Vakıf yükseköğretim kurumlarının yöneticileri (rektör, dekan sıfatına sahip değillerdir), Yükseköğretim Kurulunun olumlu görüşü alınarak, mütevelli heyet tarafından atanır denilmektedir. YÖK Mevzuat Sepetinde, ÜNİVERSİTELERDE AKADEMİK TEŞKİLÂT YÖNETMELİĞİ vardır ve yürürlüktedir. Bunun 4üncü Maddesi, ”Rektör Seçimi ve Atanmasını”, 8inci maddesi de “Dekan Atanmasını” belirtmektedir. Cumhurbaşkanı kararı ile rektör seçilmesi ve ataması, bu Yönetmeliğe aykırıdır.
YÖK, ilk kez, 12 Mart 1971 Muhtırası sonrasında, 1750 Sayılı Üniversiteler Yasası ile, sisteme yamanmak istenmiştir. AYM, yasaya yapılmak istenilen bu yamayı, üniversite tanımı, akademik özgürlük ve yönetsel özerkliğe aykırı bulması nedeni ile, iptal etmiştir. İkinci atılım, 12 Eylül 1980 Askeri Darbe sonrasında, daha 1982 Anayasası yokken, 7 Kasım 1981’de gerçekleştirilmiştir. Demokratik parlamenter sisteme geçtikten sonra, iktidara talip olan siyasal partiler, YÖK Sistemini kaldırma sözü vermiş olmalarına karşın, YÖK’nu, kuruma dönüştürmüş, Bakanlıktan öte bir yapı ortaya çıkmıştır.

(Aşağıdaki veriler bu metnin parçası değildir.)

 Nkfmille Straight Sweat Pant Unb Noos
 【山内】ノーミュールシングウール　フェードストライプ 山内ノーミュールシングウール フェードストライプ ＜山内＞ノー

Genel Başkanlığını RTE’nin yaptığı AKP, 2001’deki ”Kalkınma ve Demokrasi Programı”nda yükseköğretim ereğini: “Türkiye’de yüksek öğretim, nicelik açısından büyük bir ilerleme kaydetmiş, ancak nitelik bakımından aynı başarı gösterilememiştir. Yüksek öğretimde köklü bir reforma ihtiyaç vardır. YÖK, üniversiteler arasında koordinasyon sağlayan, standart belirleyici bir yapıya kavuşturulacak, üniversiteler idari ve akademik özerkliğe sahip, öğretim elemanları ve öğrenciler üzerinde baskı, dayatma ve antidemokratik uygulamaların bulunmadığı, bilimsel bilginin üretildiği, araştırma ve öğretim faaliyetlerinin esas olduğu kurumlar haline getirilecektir” diye ortaya koymuştur. Büyük ilerleme gerçekleştiğini belirttiği niceliği daha da şişirirken, niteliği baş aşağı etmiş ve bugün hem mevzuat, yetki karmaşası yaratmış, içinden çıkılması zor bir yapı ortada durmaktadır.